Once you know the context of your data, you also need to make the data discoverable. This is done via push methods, such as emails and alert notifications, as well as just-in-time methods such as a suggestion-oriented query tool, and pull methods such as data catalogs.
Finally, you need to propagate changes to the data knowledge; that is, you need to stay on top of technical changes to the data. For example, as a data curator updates a column label, it should be automatically updated within the other tables and sources that use that same data source. This is difficult to do without technology.
With these new technological advancements, organizations are experimenting with how to integrate machines into the data curation process, while still providing data curators with the appropriate amount of control.
Just as Yelp serves as a guide to all of the restaurants in a given place, a data catalog organizes all of the data assets spread across a company’s various systems. A data catalog documents tribal knowledge and best practices by presenting the data in context.
A crowdsourced approach to data curation means that data analysts can move at the speed of business. Consider Wikipedia, which by all accounts is more accurate and up-to-date than the Encyclopedia Britannica because it’s constantly updated by a community of people, many of whom are subject matter experts and professionals within their given domain.

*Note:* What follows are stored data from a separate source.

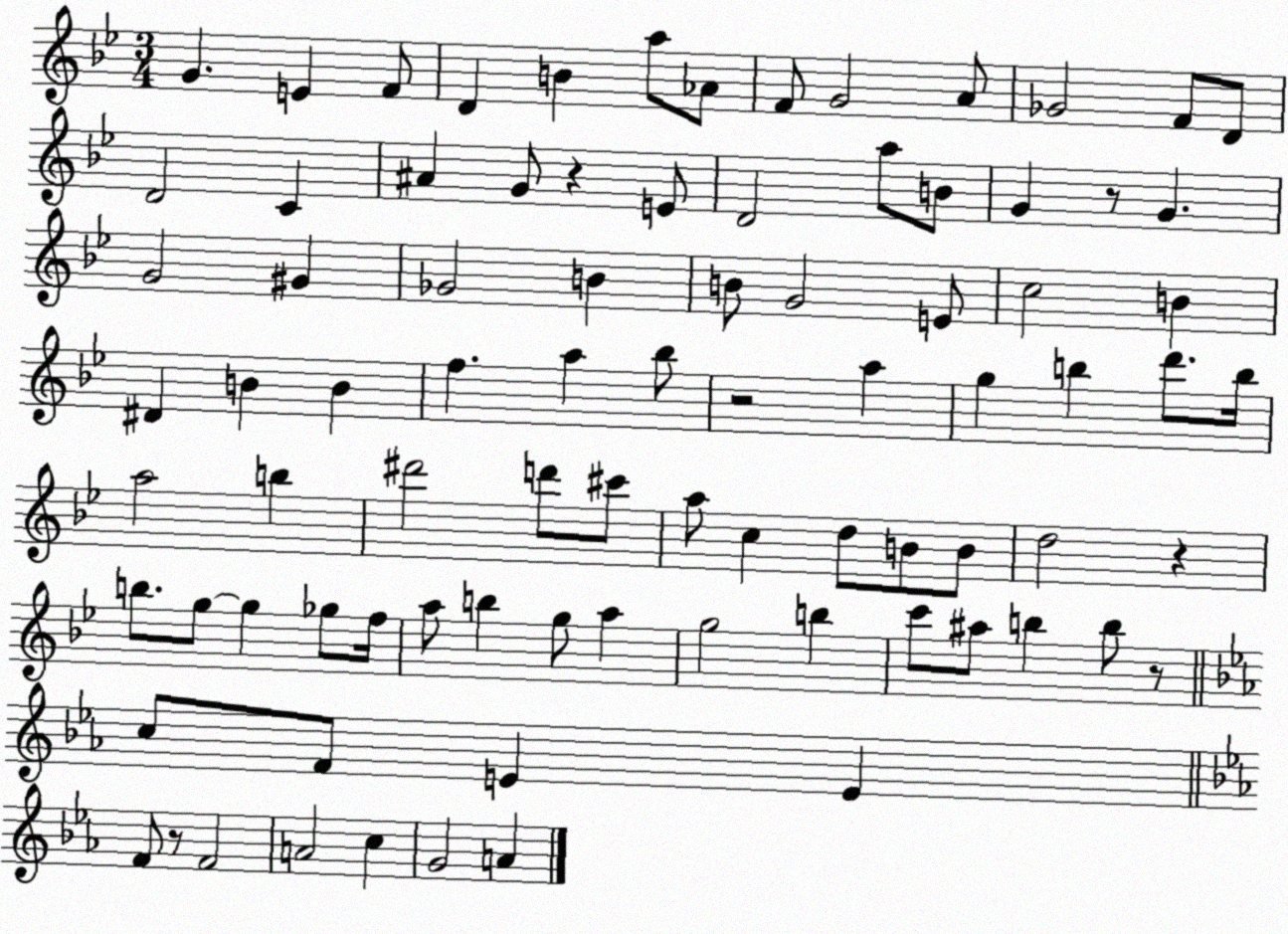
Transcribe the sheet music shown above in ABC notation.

X:1
T:Untitled
M:3/4
L:1/4
K:Bb
G E F/2 D B a/2 _A/2 F/2 G2 A/2 _G2 F/2 D/2 D2 C ^A G/2 z E/2 D2 a/2 B/2 G z/2 G G2 ^G _G2 B B/2 G2 E/2 c2 B ^D B B f a _b/2 z2 a g b d'/2 b/4 a2 b ^d'2 d'/2 ^c'/2 a/2 c d/2 B/2 B/2 d2 z b/2 g/2 g _g/2 f/4 a/2 b g/2 a g2 b c'/2 ^a/2 b b/2 z/2 c/2 F/2 E E F/2 z/2 F2 A2 c G2 A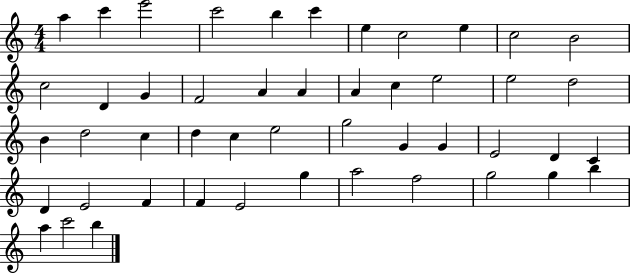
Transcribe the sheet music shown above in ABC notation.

X:1
T:Untitled
M:4/4
L:1/4
K:C
a c' e'2 c'2 b c' e c2 e c2 B2 c2 D G F2 A A A c e2 e2 d2 B d2 c d c e2 g2 G G E2 D C D E2 F F E2 g a2 f2 g2 g b a c'2 b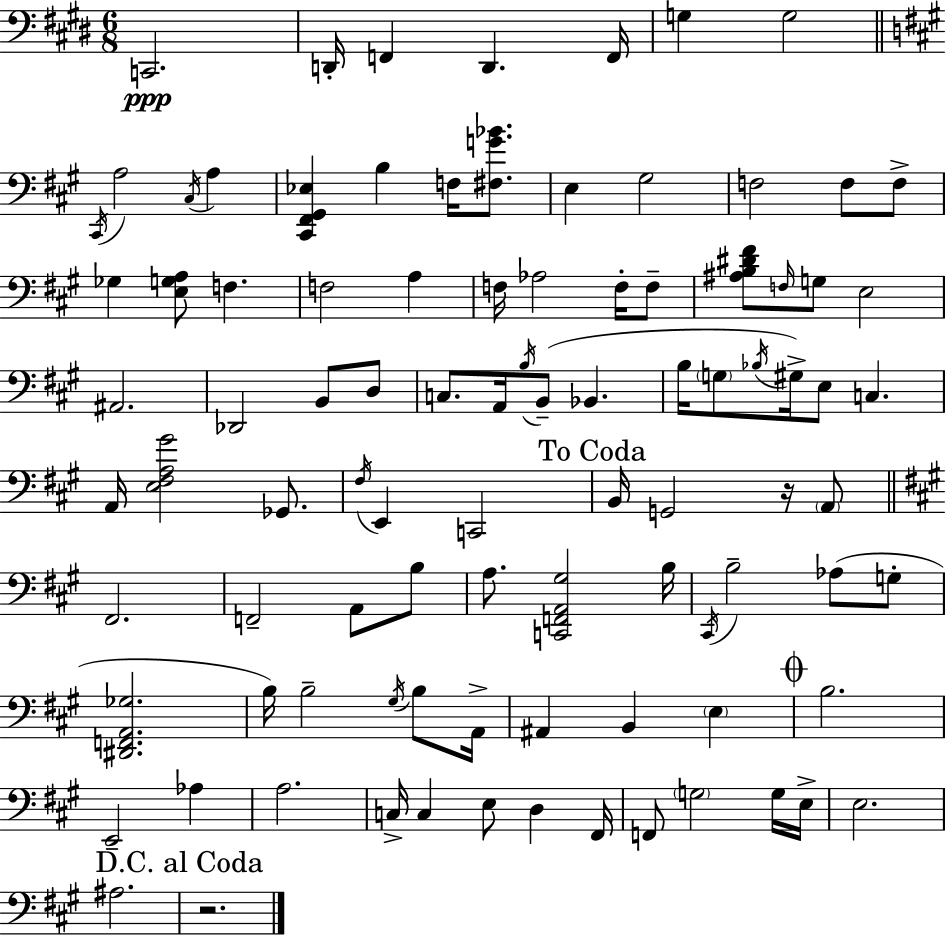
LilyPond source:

{
  \clef bass
  \numericTimeSignature
  \time 6/8
  \key e \major
  c,2.\ppp | d,16-. f,4 d,4. f,16 | g4 g2 | \bar "||" \break \key a \major \acciaccatura { cis,16 } a2 \acciaccatura { cis16 } a4 | <cis, fis, gis, ees>4 b4 f16 <fis g' bes'>8. | e4 gis2 | f2 f8 | \break f8-> ges4 <e g a>8 f4. | f2 a4 | f16 aes2 f16-. | f8-- <ais b dis' fis'>8 \grace { f16 } g8 e2 | \break ais,2. | des,2 b,8 | d8 c8. a,16 \acciaccatura { b16 } b,8--( bes,4. | b16 \parenthesize g8 \acciaccatura { bes16 }) gis16-> e8 c4. | \break a,16 <e fis a gis'>2 | ges,8. \acciaccatura { fis16 } e,4 c,2 | \mark "To Coda" b,16 g,2 | r16 \parenthesize a,8 \bar "||" \break \key a \major fis,2. | f,2-- a,8 b8 | a8. <c, f, a, gis>2 b16 | \acciaccatura { cis,16 } b2-- aes8( g8-. | \break <dis, f, a, ges>2. | b16) b2-- \acciaccatura { gis16 } b8 | a,16-> ais,4 b,4 \parenthesize e4 | \mark \markup { \musicglyph "scripts.coda" } b2. | \break e,2-- aes4 | a2. | c16-> c4 e8 d4 | fis,16 f,8 \parenthesize g2 | \break g16 e16-> e2. | ais2. | \mark "D.C. al Coda" r2. | \bar "|."
}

Another example is Pinterest, where you follow people with interests similar to yours and who can add their pins to your list of saved pins. Or Amazon, which has built a complex algorithm that recommends future purchases based on what you’ve purchased in the past.
Like these consumer catalogs, the value of a data catalog comes from its ability to surface the connections and context around different sets of data. A data catalog may let you upvote or downvote specific data assets, it may let you annotate these assets or deprecate them, and it may let you follow particular users and have conversations around the data.
Similarly, the value of your data curation program springs from the value of the human expertise around that data. Data leaders should ask, “What does it take to encourage knowledge sharing?”
Start with the basics. Provide guidance on how to get started, and address basic questions, such as “What makes a good description?” Some people will be hesitant to contribute because they won’t think their content is good enough. Show them it is valuable, and all part of a collaborative learning process, and others will jump in and help with their own questions or concerns.
From there, data teams should determine which data to prioritize. They should also explore how automation in the data catalog can alleviate some of the manual tasks.
Data curation fosters the reuse of the data knowledge that already exists in the organization and results in higher analyst productivity. When analysts can quickly learn the best practices for a dataset and other tips for success, they get back time to focus on new ideas and analysis. Secondarily, democratizing the wisdom of the few and positioning them as experts encourages others to share their knowledge, too. But these processes are only as strong as the technology behind them.
The Alation Data Catalog provides a modern approach to finding, understanding, and establishing trust with your data — all efforts that make it easier to establish successful data curation.
With the help of the Alation Data Catalog, data curators can create a broader awareness throughout an organization of how data can be applied to make informed decisions, improving the accuracy of data knowledge in the organization. Ultimately, investing in data knowledge with the Alation Data Catalog can inspire individuals to be more data-savvy and promote a data-driven culture.